[Stored data]
——————

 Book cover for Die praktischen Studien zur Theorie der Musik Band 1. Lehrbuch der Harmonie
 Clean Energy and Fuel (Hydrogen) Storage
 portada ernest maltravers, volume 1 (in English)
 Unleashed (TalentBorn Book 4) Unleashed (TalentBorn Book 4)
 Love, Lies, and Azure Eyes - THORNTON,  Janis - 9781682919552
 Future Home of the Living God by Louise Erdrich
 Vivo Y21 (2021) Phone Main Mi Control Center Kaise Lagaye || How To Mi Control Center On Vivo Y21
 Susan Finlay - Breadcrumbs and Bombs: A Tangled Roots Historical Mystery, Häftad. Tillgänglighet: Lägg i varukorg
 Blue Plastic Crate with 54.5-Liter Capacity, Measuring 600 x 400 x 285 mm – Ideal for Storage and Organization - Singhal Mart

——————

-- What the task asks --
Output exactly the lines of the data that run from the one containing "portada ernest maltravers, volume" to the very last line, and no others.

-- Solved exercise --
 portada ernest maltravers, volume 1 (in English)
 Unleashed (TalentBorn Book 4) Unleashed (TalentBorn Book 4)
 Love, Lies, and Azure Eyes - THORNTON,  Janis - 9781682919552
 Future Home of the Living God by Louise Erdrich
 Vivo Y21 (2021) Phone Main Mi Control Center Kaise Lagaye || How To Mi Control Center On Vivo Y21
 Susan Finlay - Breadcrumbs and Bombs: A Tangled Roots Historical Mystery, Häftad. Tillgänglighet: Lägg i varukorg
 Blue Plastic Crate with 54.5-Liter Capacity, Measuring 600 x 400 x 285 mm – Ideal for Storage and Organization - Singhal Mart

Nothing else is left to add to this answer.